Regulations in many places limit the use of bikes on footpaths. The reasons for this are clear from the pedestrian’s point of view, bikes are traveling up to 4 times faster than walkers, and collision can create injury. Dockless shared bikes emerged in Australia in 2017, after a few years on the road in China. Their main contribution has however not been transport (they are used about once every 3 days) but instead as a the recipient of complaint about sidewalk clutter (unlike say cars, which are always parked perfectly). As a consequences they have been targets of vandalism. The obvious solution will eventually get adopted, geofenced corrals for parking bikes (shared and private), taking away one parking space per block perhaps.

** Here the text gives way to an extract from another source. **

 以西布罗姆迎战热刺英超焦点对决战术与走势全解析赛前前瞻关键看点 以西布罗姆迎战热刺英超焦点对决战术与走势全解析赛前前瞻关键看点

Given the disparities of speeds on the first (5 km/h) and second paths (30-120 km/h), there is a clear market niche for an infrastructure network  for vehicles faster than foot and slower than cars. Physically, one imagines it generally lying between the existing kerb and removing a lane now devoted to the storage or movement of cars. And for many if not most urban places globally, this has been recognized and networks of third paths have been, or will be, built out.

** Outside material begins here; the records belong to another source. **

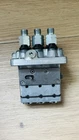Bosch Diesel Injection Pump Element 445 020 307 (np PFR3M Series) Used. Price: $200.00.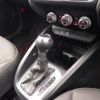 audi a1 2012 -AUDI--Audi A1 DBA-8XCAX--WAUZZZ8X7DB023950---AUDI--Audi A1 DBA-8XCAX--WAUZZZ8X7DB023950- image 5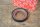 crankshaft seal ring front Ponton/190SL/W110/W115 (4- cyl.)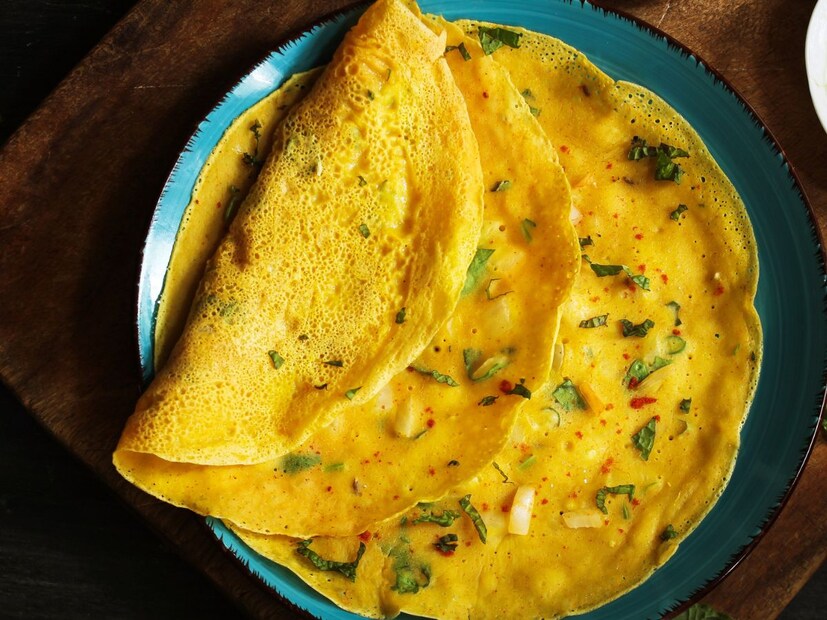 ( नोट : वरील माहिती सामान्य माहितीवर आधारीत आहे. न्यूज 18 मराठी याची पुष्टी करत नाही. आमचा उद्देश तुमच्यापर्यंत फक्त माहिती पोहोचवण्याचा आहे.)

This Third Path is important not just for bikes, but for electric bikes (which are becoming increasingly feasible with progress in battery technology) and electric scooters.

Fourth Path

A Fourth Path for buses (and other high occupancy vehicles) is also now considered. The first bus lane emerged in Chicago in 1940. The reason for bus lanes again is in part operational differences compared with existing road users. Buses start and stop in traffic much more frequently than cars. But a second reason is in fact the opposite, not because buses would block cars, but because cars would block buses. Buses carry more passengers than cars, and so should move faster, and can do so if they are not stuck in queues behind cars.

Interfaces

The Kerb – Once a nondescript piece of concrete now forms the edge (both physically and metaphorically) of the sharing economy: taxis, Ubers, autonomous mobility services. The Kerbspace differentiates and separates paths, but we now have new questions:

  • Who manages kerbspace? 
  • How is it regulated?
  • Is it even mapped?

Comp(l)ete Streets

The complete streets movement advocates for streets with sidewalks, bike paths, and are otherwise designed to promote safety and efficiency. The figure below is not exactly what they have in mind.

JusticiaUrbana
Justicia Urbana by Todorovic (https://www.flickr.com/photos/unhabitat/23003427510)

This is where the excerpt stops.